K: Agora, qual é a pergunta? Há uma energia que não é mecânica, que é infinita, que está se renovando? Eu afirmo que há. Com toda a certeza. Mas não é o que vocês chamam de Kundalini. O corpo deve ser sensível. Se você está trabalhando, limpando a casa, o corpo fica muito sensível. O corpo, então, tem sua própria inteligência que a mente lhe dita. Portanto, o corpo fica extremamente sensível, não sensível aos seus desejos nem sensível às suas vontades, mas se torna sensível por si próprio. Certo? Então, o que acontece? Se vocês querem realmente que eu fale sobre isso, falarei. Duvido das pessoas que falam do despertar da Kundalini. Elas não trabalharam com os outros, mas dizem ter despertado a Kundalini. Portanto, duvido da sua habilidade, da sua verdade. Não me oponho, mas estou duvidando. De um homem que come carne, que quer publicidade, que quer isto ou aquilo, e diz que a Kundalini foi despertada, digo que ele está sendo contraditório. Deve haver uma limpeza dessa casa o tempo todo. Então Pupul diz: “Podemos falar sobre uma energia que sinto que deve existir?”, não teoricamente, mas da qual ela disse que teve um vislumbre, uma energia que é infinita; e K vem e diz “sim”, isso existe. Há uma energia que está se renovando o tempo todo, que não é mecânica, que não tem uma causa, que não tem início e, portanto, não tem fim. É um movimento eterno. Eu afirmo que ela existe. Que valor ela tem para o ouvinte? Eu digo “sim” e vocês me ouvem. Eu pergunto a mim mesmo que valor tem isso para vocês? Vocês irão no encalço dessa energia e deixarão de limpar a casa?

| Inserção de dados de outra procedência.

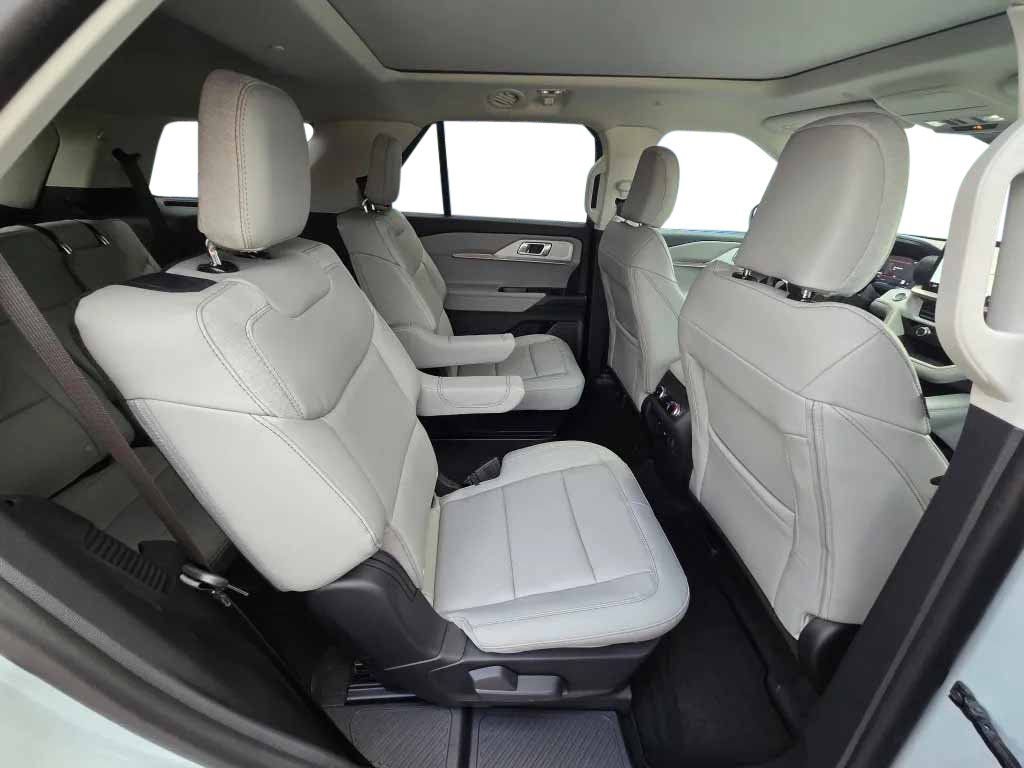 New 2026 Ford Explorer Active w/ Active Comfort Package image 29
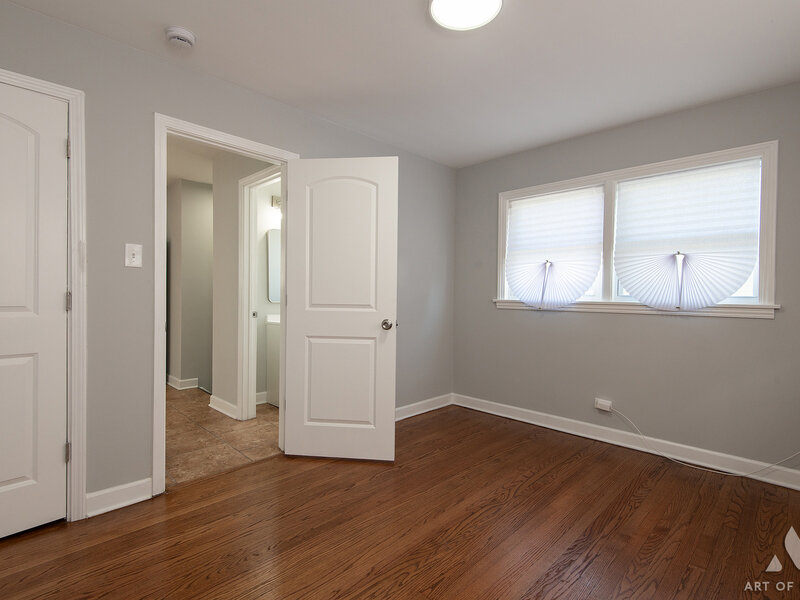 8810 S Euclid Avenue Chicago IL 60617
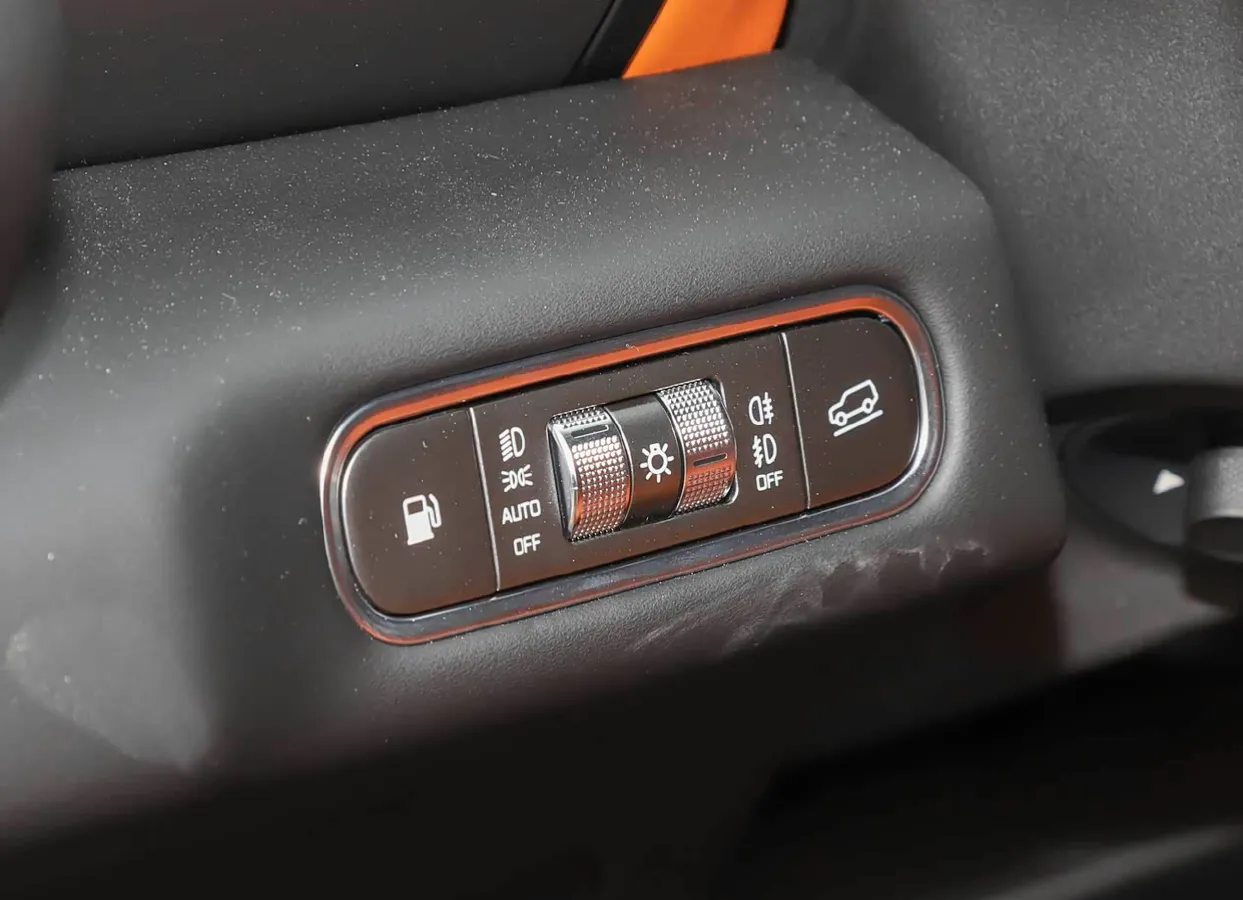 2025 Jetour Zongheng G700 2.0T 211HP L4 2DHT PHEV,autocango,china used car exporter,china ev exporter,chinese used car exporter,chinese used ev exporter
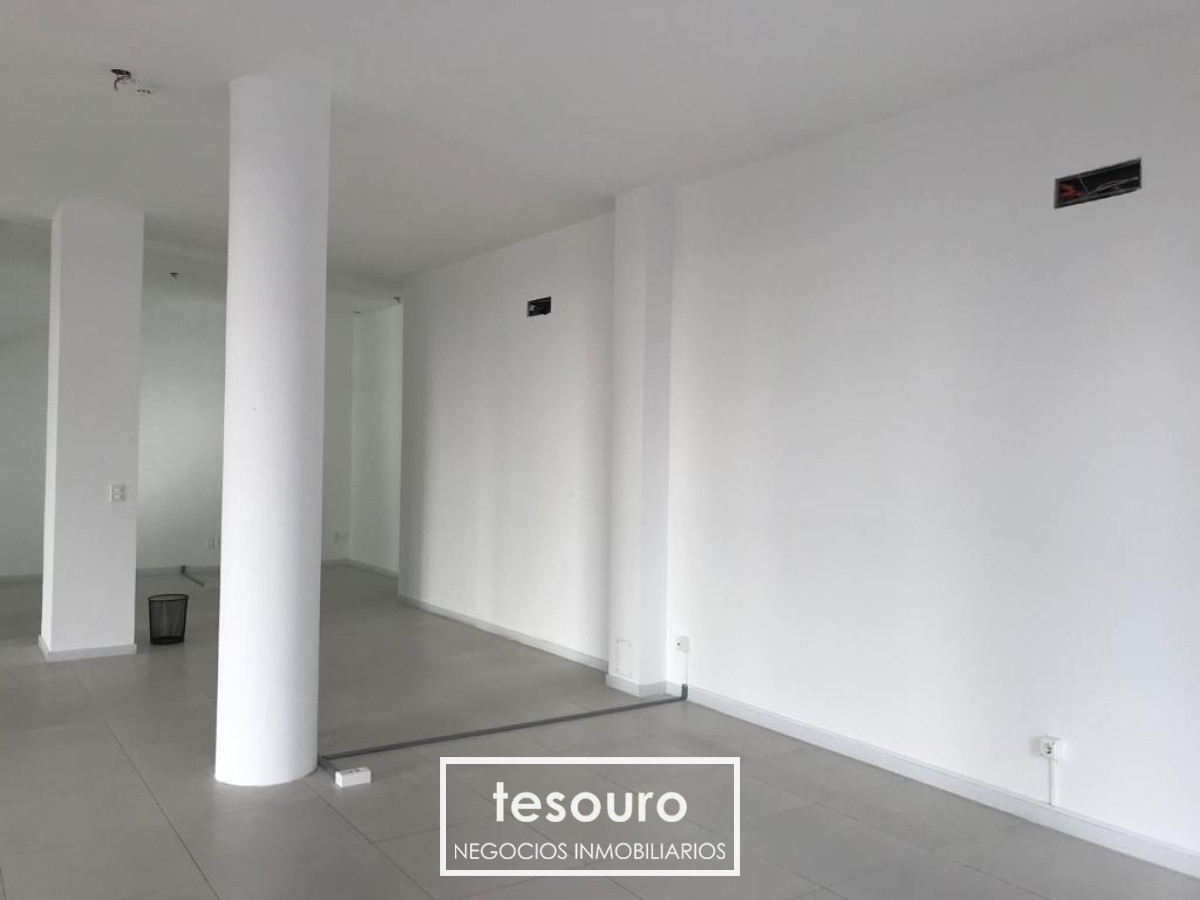 Local Comercial ID.4179 - Local Comercial en Punta del Este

P: Isso significa, senhor, que, para a pessoa que indaga, o cultivo do solo é o fim do sofrimento; isso é que é essencial.
K: Esse é o único trabalho. Nada mais. É a coisa sagrada, portanto você não pode simplesmente convoca-la. E todos vocês a estão convocando.
A limpeza da casa exige uma disciplina muito grande; não a disciplina do controle, da repressão e da obediência, vocês estão entendo? Em si mesma, ela requer uma atenção muito grande. Quando você dispensa toda a atenção, então vê acontecer um tipo de coisa totalmente diferente, uma energia que nunca se repete, uma energia que não está indo vindo. Não é como tê-la um dia e, um mês depois, não tê-la mais. Ela implica manter a mente completamente vazia. Vocês são capazes de fazer isso?
VA: Por um tempo.
K: Não, não. Eu perguntei: a mente pode manter-se vazia? Então, essa energia existe. Você nem sequer precisa pedir por ela. Quando há espaço, a mente está vazia e, portanto, cheia de energia. Assim, ao limpar, ao terminar de fazer o que deve ser feito com as coisas da casa, com a tristeza, a mente pode estar completamente vazia, sem motivação, sem desejo? Quando você está trabalhando nisso, mantendo a casa limpa, outras coisas vêm naturalmente. Não é você quem está preparando o solo para isso. Isso é meditação.
P: E a natureza disso é a transformação da mente humana.
K: Reparem no que Apa Saheb estava dizendo; estamos programados por séculos de condicionamento. Quando ela cessa, há um fim. Se você puxa o plugue do computador, ele não pode funcionar mais. Agora a pergunta é: pode esse centro, que é egoísmo, acabar? Pode deixar de funcionar? Esse centro pode acabar? Quando ele acaba, não há movimento no tempo. Isso é tudo. Quando o movimento da mente do centro para a periferia para, o tempo para. Quando não há nenhuma atividade por parte do egoísmo, há um tipo totalmente diferente de atividade.